### Exercise
What is needed is a word-for-word copy of the listing below, without pictures.

### Input data
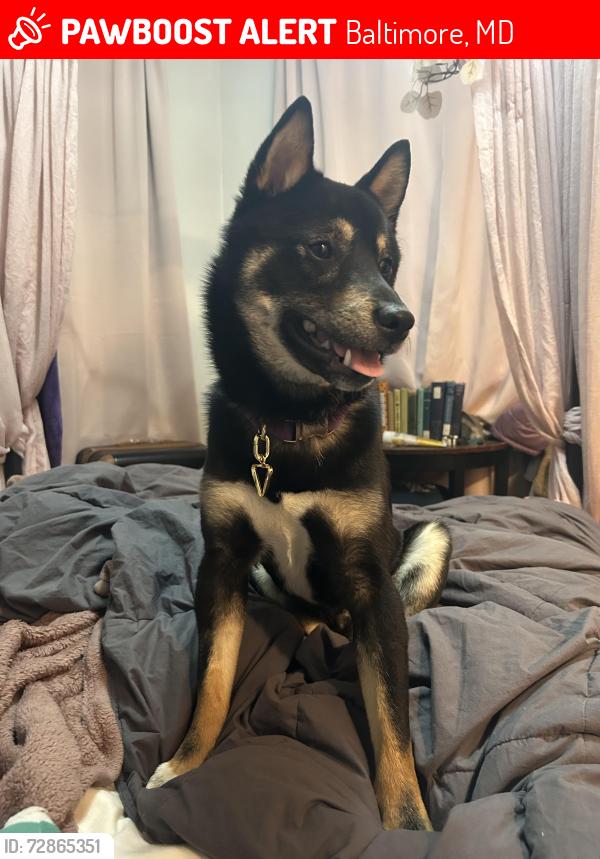 Lost Male Dog last seen In my yard, Baltimore, MD 21229
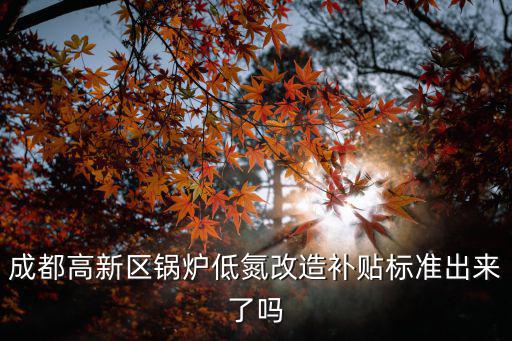 成都高新區鍋爐低氮改造補貼標準出來了嗎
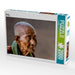 Nonne - CALVENDO Foto-Puzzle - calvendoverlag 39.99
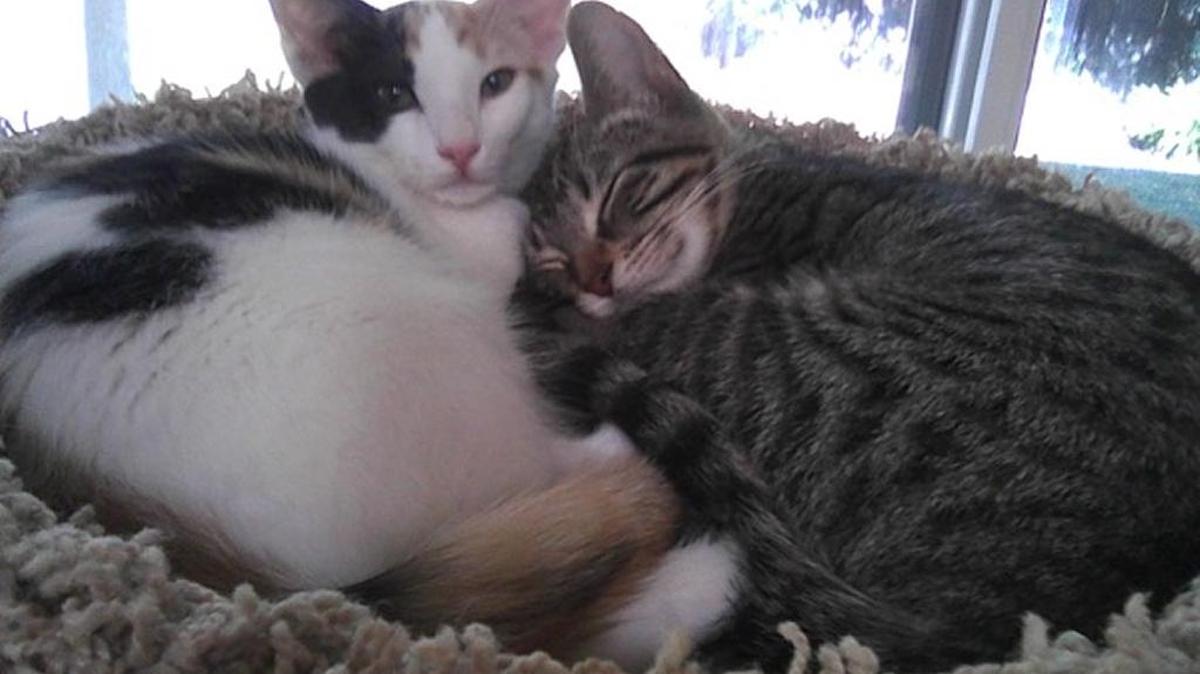Four month old kittens, Sophia (calico) and Bella. Cuddling in their cat tree.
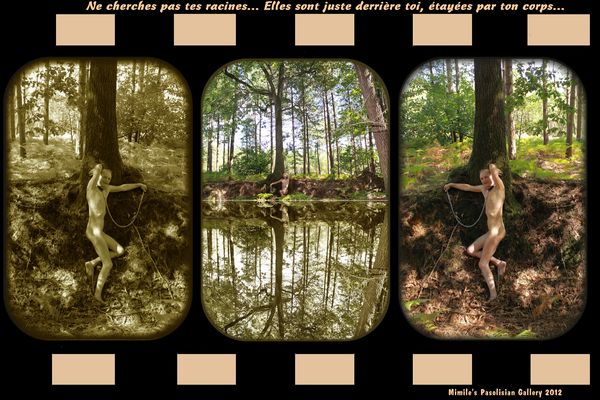 Obiterdictum, Pasolinian Gallery, Roots, Honni Soit Qui Mal Y Pense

### Task result
 Lost Male Dog last seen In my yard, Baltimore, MD 21229
 成都高新區鍋爐低氮改造補貼標準出來了嗎
 Nonne - CALVENDO Foto-Puzzle - calvendoverlag 39.99
Four month old kittens, Sophia (calico) and Bella. Cuddling in their cat tree.
 Obiterdictum, Pasolinian Gallery, Roots, Honni Soit Qui Mal Y Pense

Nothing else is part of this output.